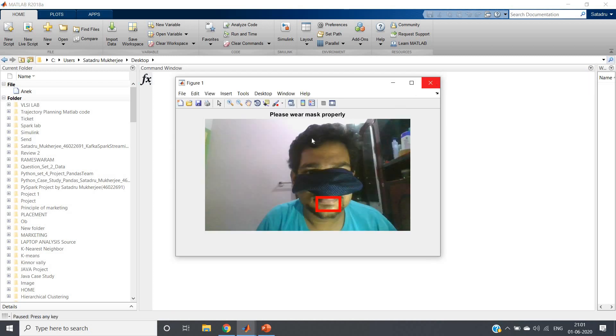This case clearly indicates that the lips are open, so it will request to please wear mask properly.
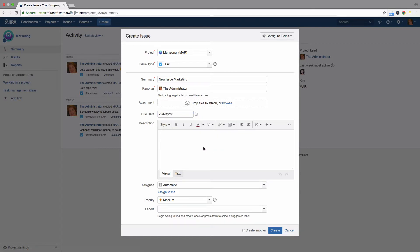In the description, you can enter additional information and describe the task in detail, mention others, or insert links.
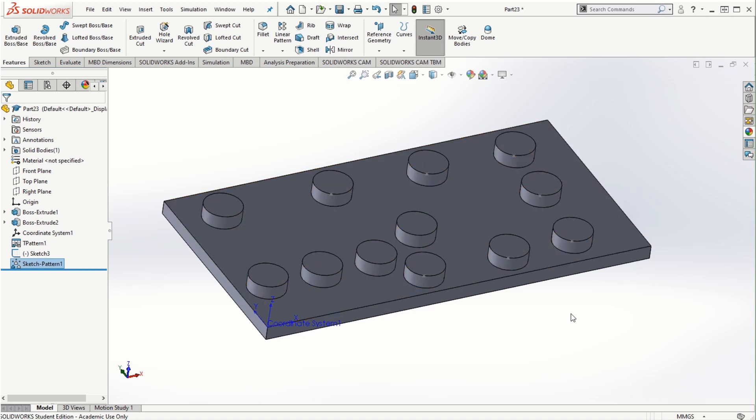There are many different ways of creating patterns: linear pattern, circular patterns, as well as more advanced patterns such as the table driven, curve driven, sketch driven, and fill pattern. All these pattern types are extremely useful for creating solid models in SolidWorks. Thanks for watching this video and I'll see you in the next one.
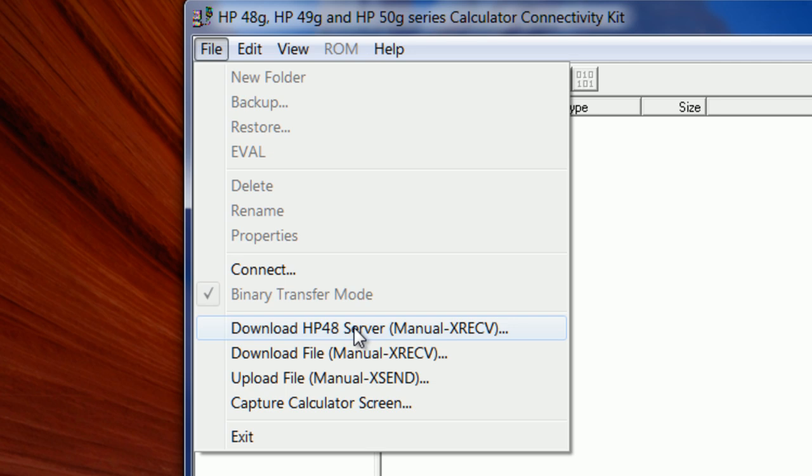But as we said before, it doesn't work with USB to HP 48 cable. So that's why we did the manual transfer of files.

▶ _WORK INSTRUCTION_: Only the pictures are to be left out; write out all the other data exactly.

▶ _EXERCISE RESULT_:
This case clearly indicates that the lips are open, so it will request to please wear mask properly.
In the description, you can enter additional information and describe the task in detail, mention others, or insert links.
There are many different ways of creating patterns: linear pattern, circular patterns, as well as more advanced patterns such as the table driven, curve driven, sketch driven, and fill pattern. All these pattern types are extremely useful for creating solid models in SolidWorks. Thanks for watching this video and I'll see you in the next one.
But as we said before, it doesn't work with USB to HP 48 cable. So that's why we did the manual transfer of files.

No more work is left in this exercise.